### Task prompt
Only the lines from the one bearing "Weiche Leder Augenmaske (ohrenabdeckend)" through the end of the listing belong in your response, restated word for word and without pictures.

### Data shown
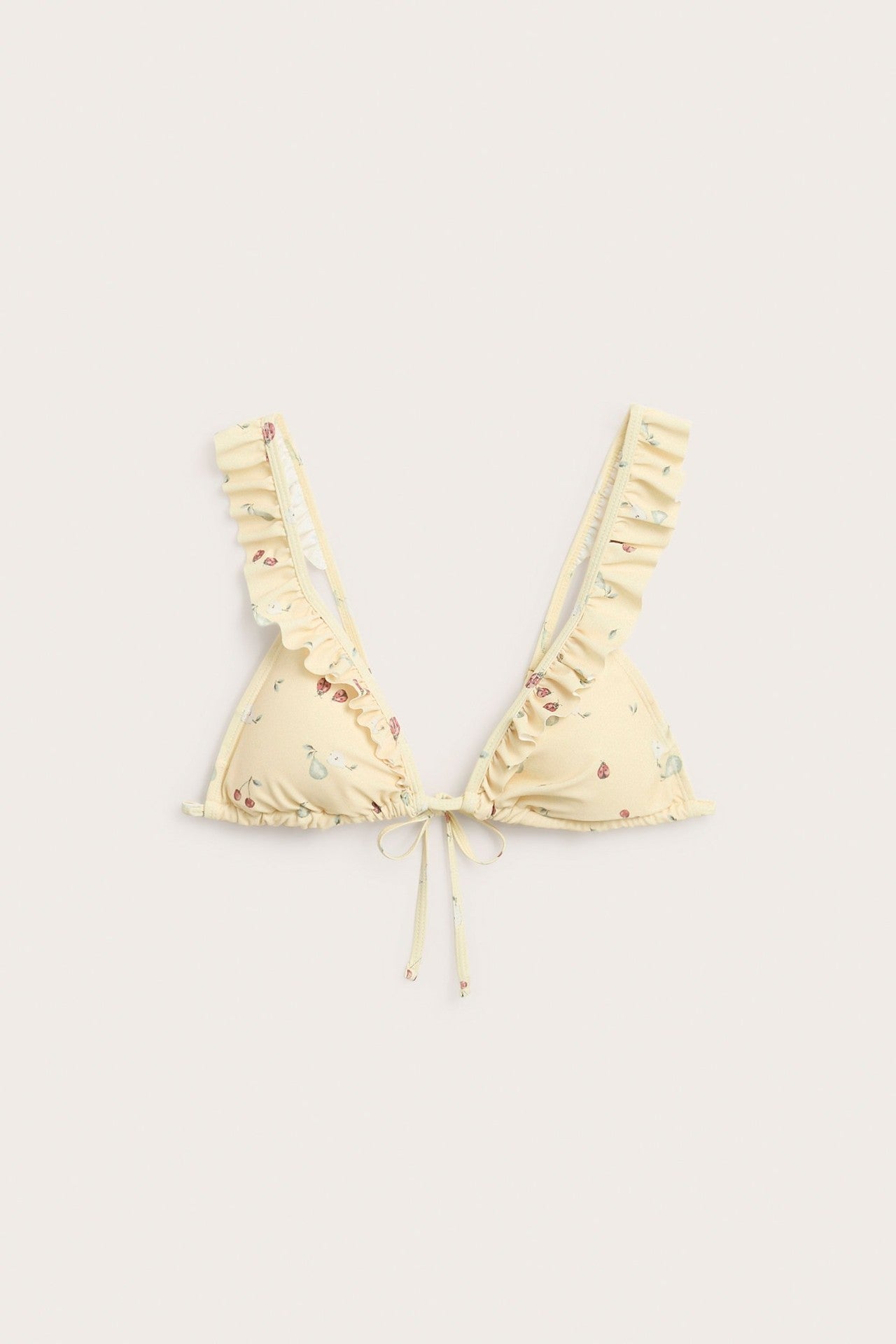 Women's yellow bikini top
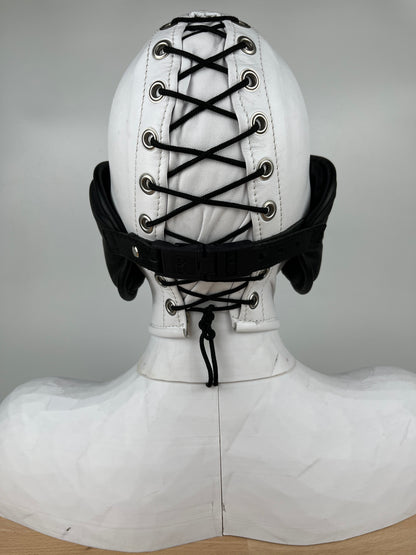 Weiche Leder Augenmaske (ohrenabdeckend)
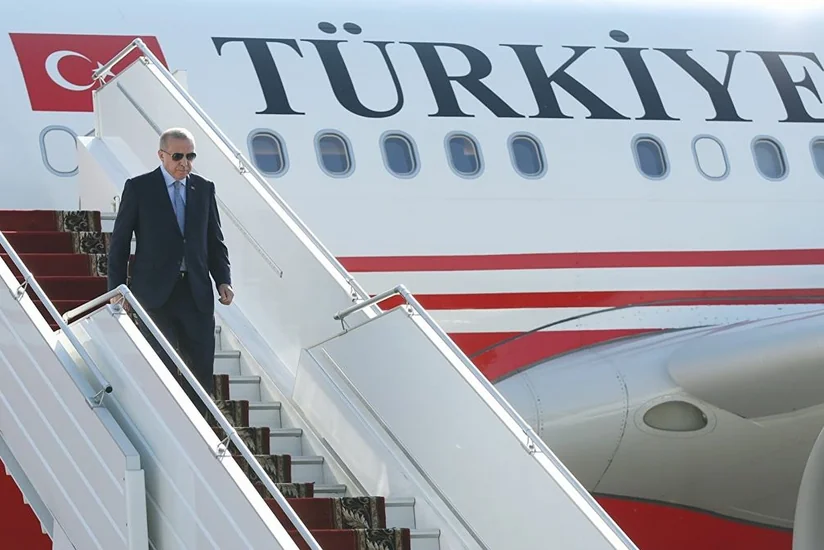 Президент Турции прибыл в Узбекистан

### Task output
 Weiche Leder Augenmaske (ohrenabdeckend)
 Президент Турции прибыл в Узбекистан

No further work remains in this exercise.